• _Problem to work on_:
Every line below is to be copied exactly, with the pictures left out.

• _Given material_:
********

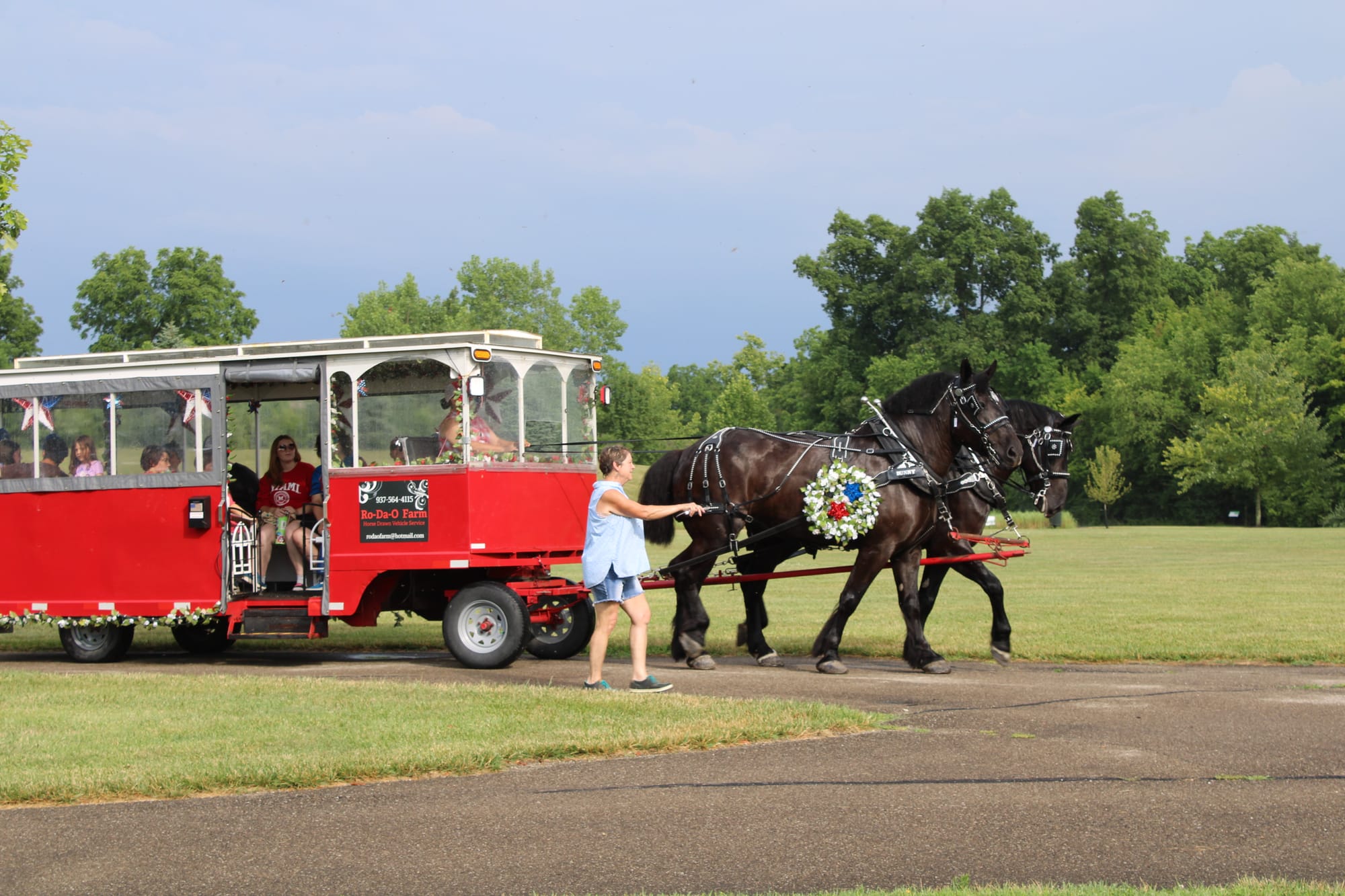 A red trolley on wheels is pulled by two dark brown horses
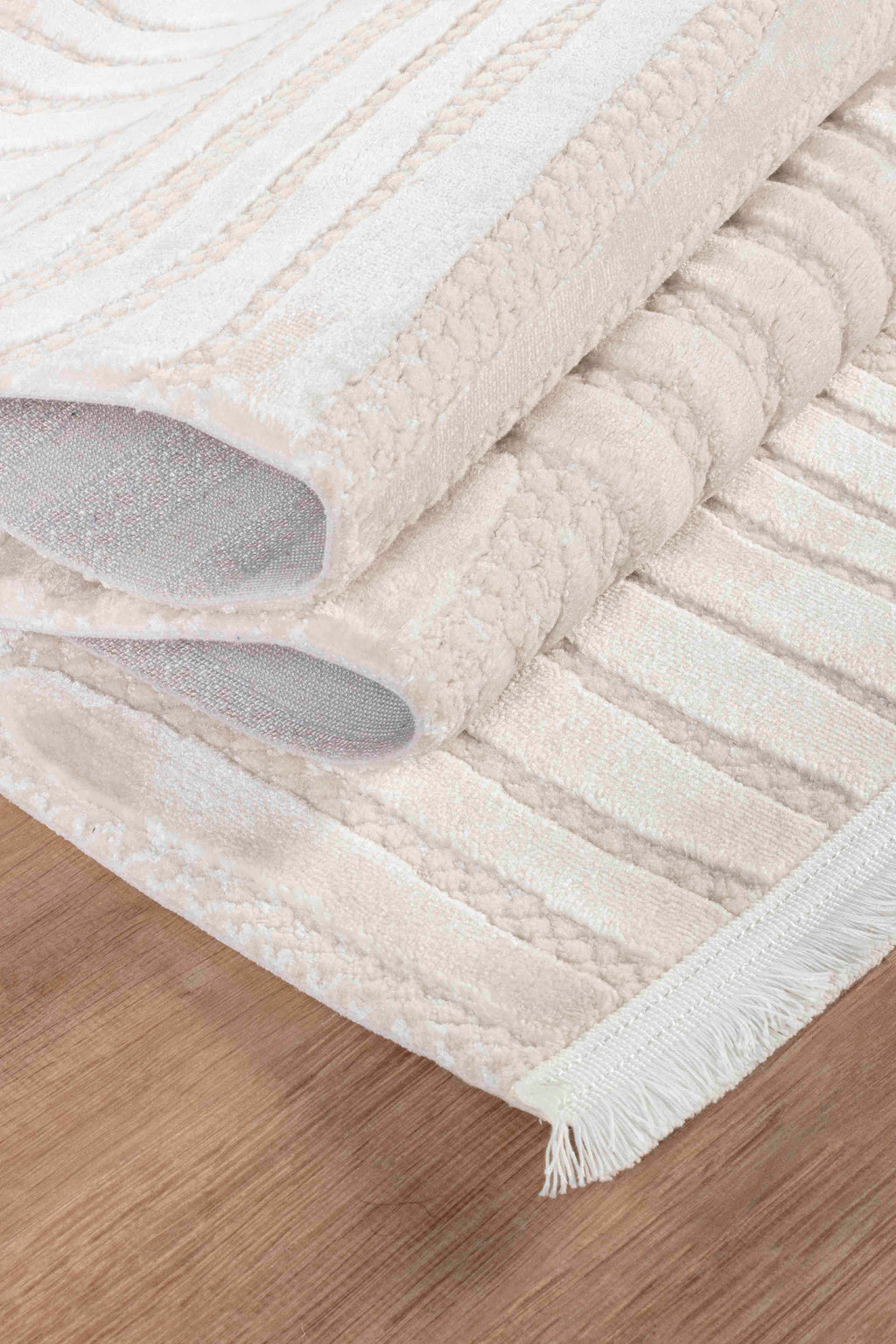Krem kahve yumuşak dokulu makine halısı, desenli ve kenarında beyaz püskül, ahşap zemin üstünde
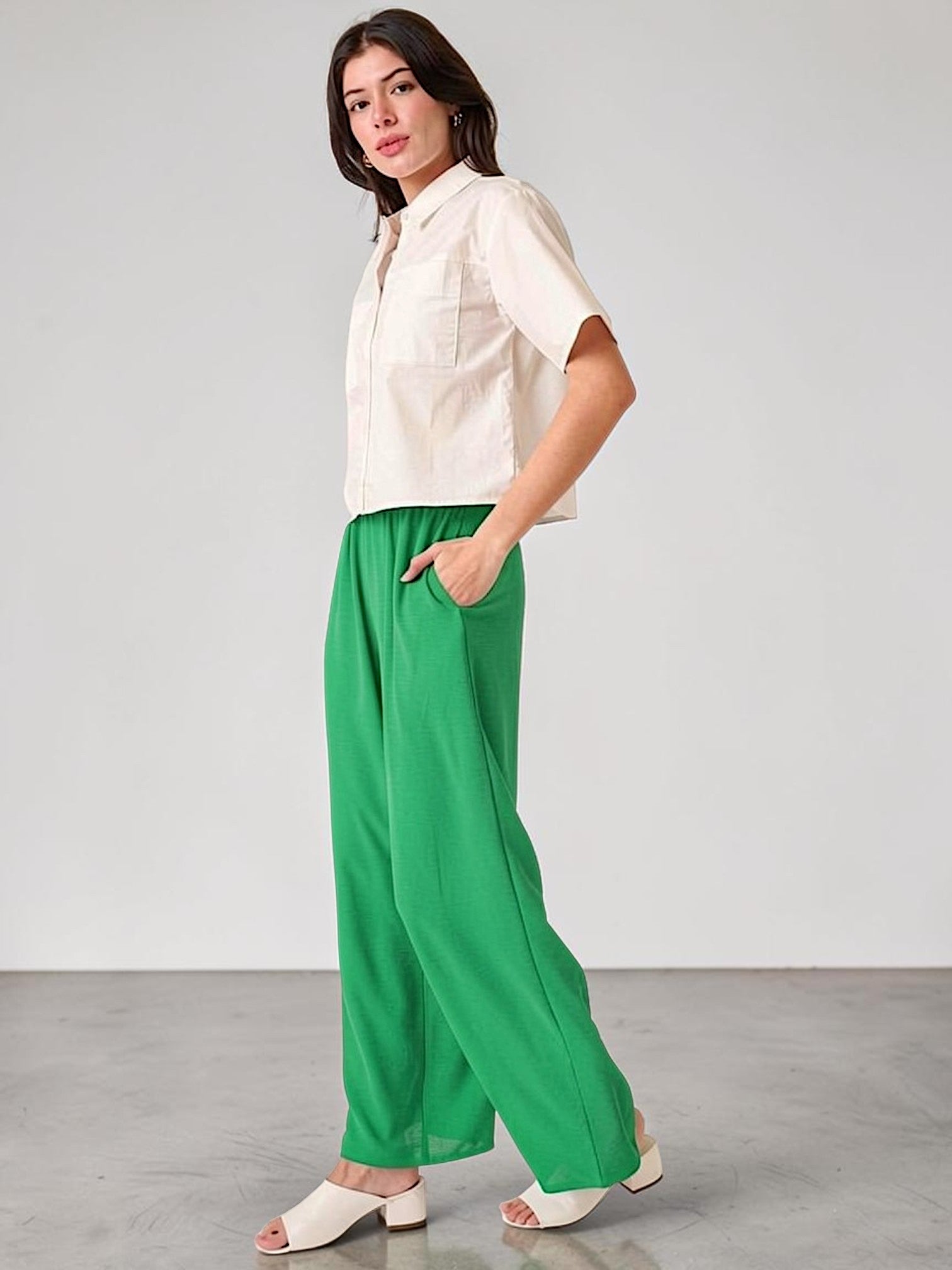 Woman wearing a white blouse and green pants against a plain background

********

• _Reply_:
 A red trolley on wheels is pulled by two dark brown horses
Krem kahve yumuşak dokulu makine halısı, desenli ve kenarında beyaz püskül, ahşap zemin üstünde
 Woman wearing a white blouse and green pants against a plain background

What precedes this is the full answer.